WHAT IS REQUIRED » Return the records exactly as they appear below, omitting the pictures.

■ ■ ■ ■

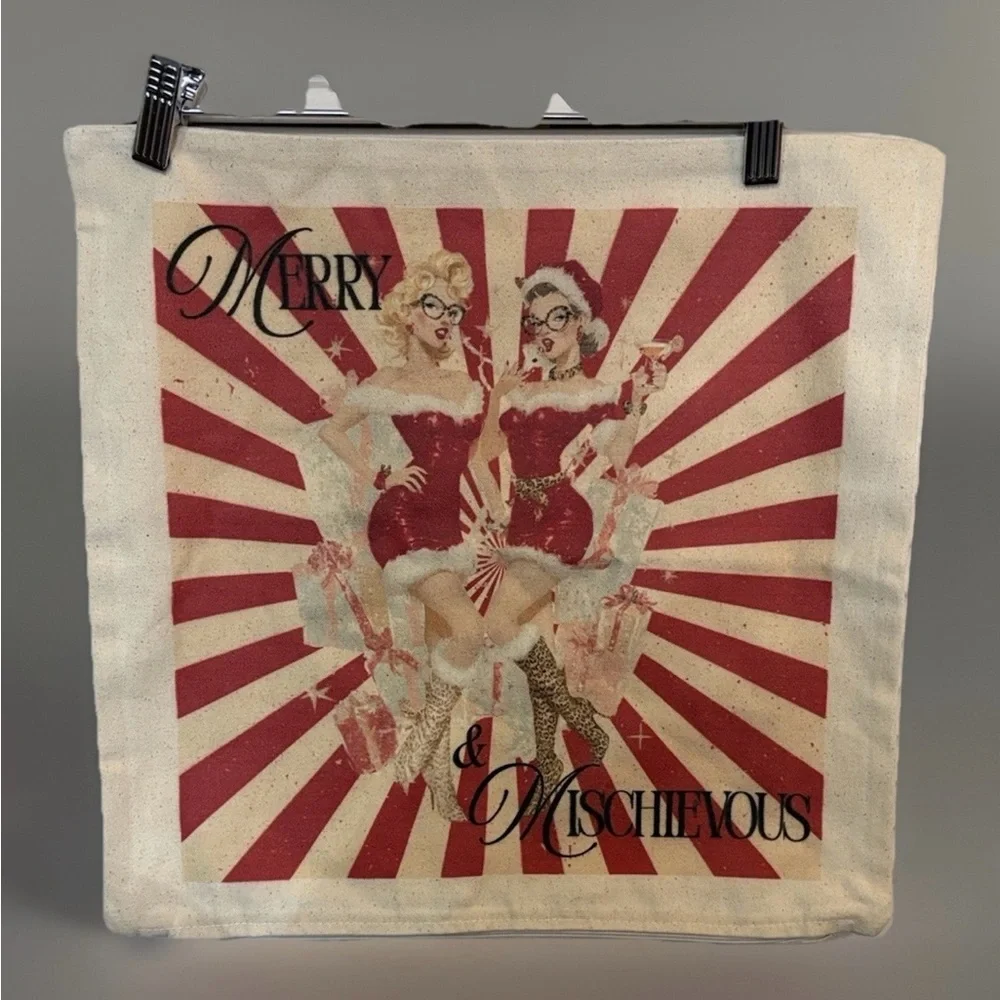 NWOT throw pillow cover Christmas Vintage Style pin up girl qty 1 Red and Cream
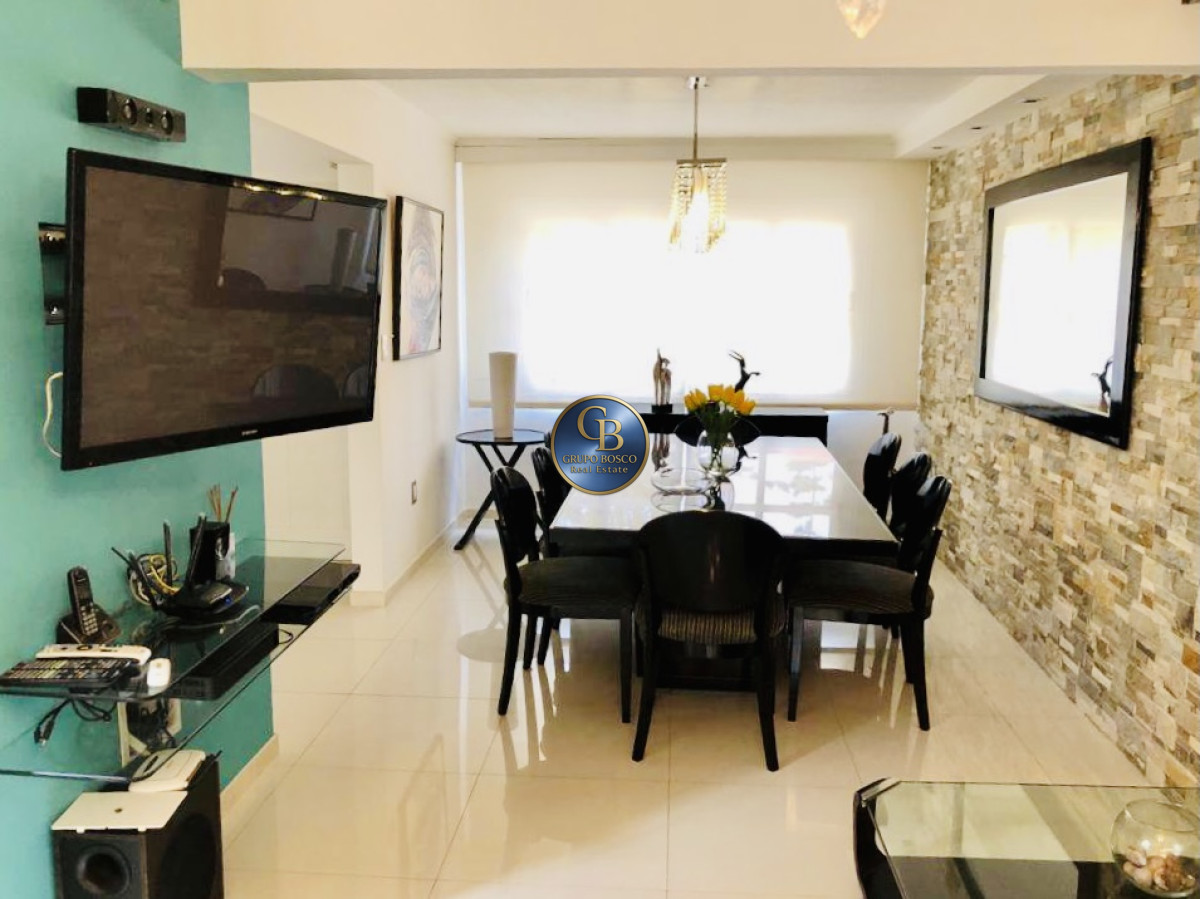 Casa ID.1437 - Alquiler temporario de casa con 3 Dormitorios con piscina y barbacoa en Jardines de Córdoba, Punta del Este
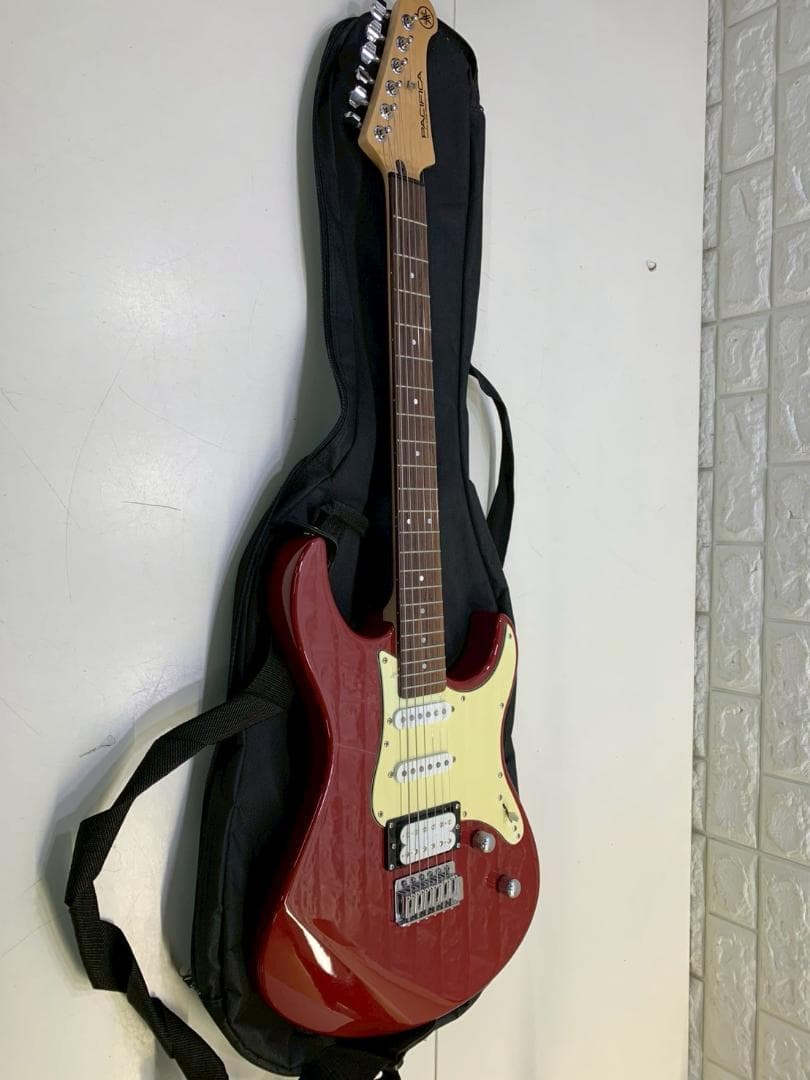 Yamaha Electric Guitar 441 Pac112V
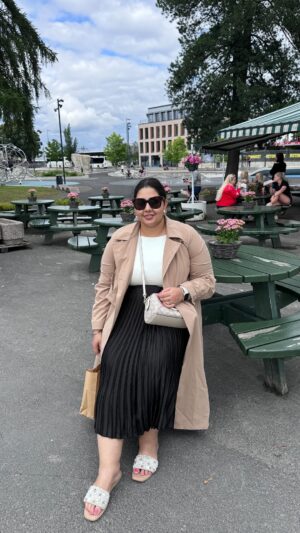 Jasmine Sidhu Instagram - Grey skies over Gjovik’s serene lake, a day to ponder and reflect on nature’s beauty. 🤍🎶

(Gjovik, Gjovik Lake, Gjovik beauty, Norway, Norwegian)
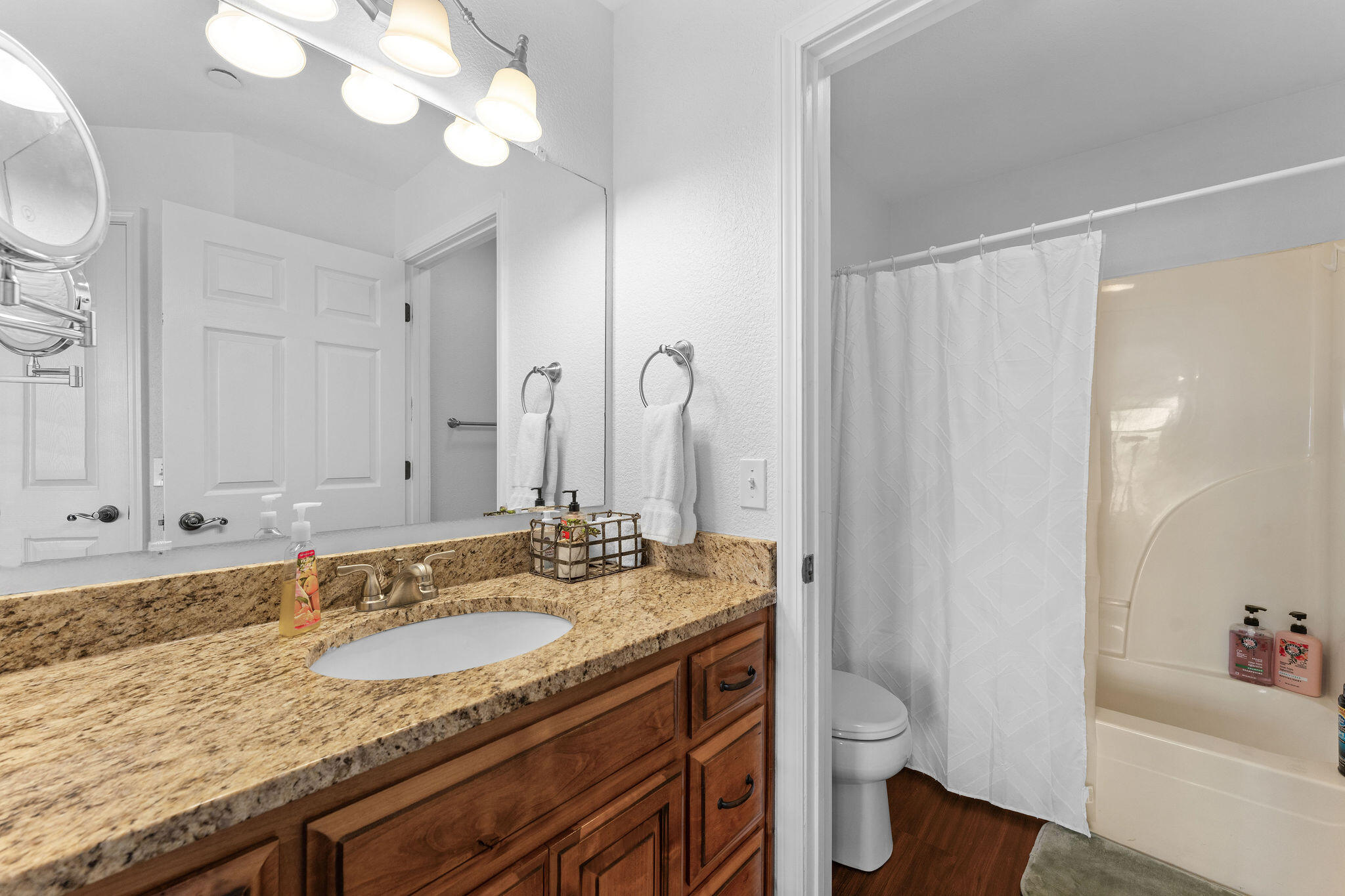 700 Emerald Pointe Drive Property Photo 20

■ ■ ■ ■

RESPONSE TO THE TASK »
 NWOT throw pillow cover Christmas Vintage Style pin up girl qty 1 Red and Cream
 Casa ID.1437 - Alquiler temporario de casa con 3 Dormitorios con piscina y barbacoa en Jardines de Córdoba, Punta del Este
 Yamaha Electric Guitar 441 Pac112V
 Jasmine Sidhu Instagram - Grey skies over Gjovik’s serene lake, a day to ponder and reflect on nature’s beauty. 🤍🎶

(Gjovik, Gjovik Lake, Gjovik beauty, Norway, Norwegian)
 700 Emerald Pointe Drive Property Photo 20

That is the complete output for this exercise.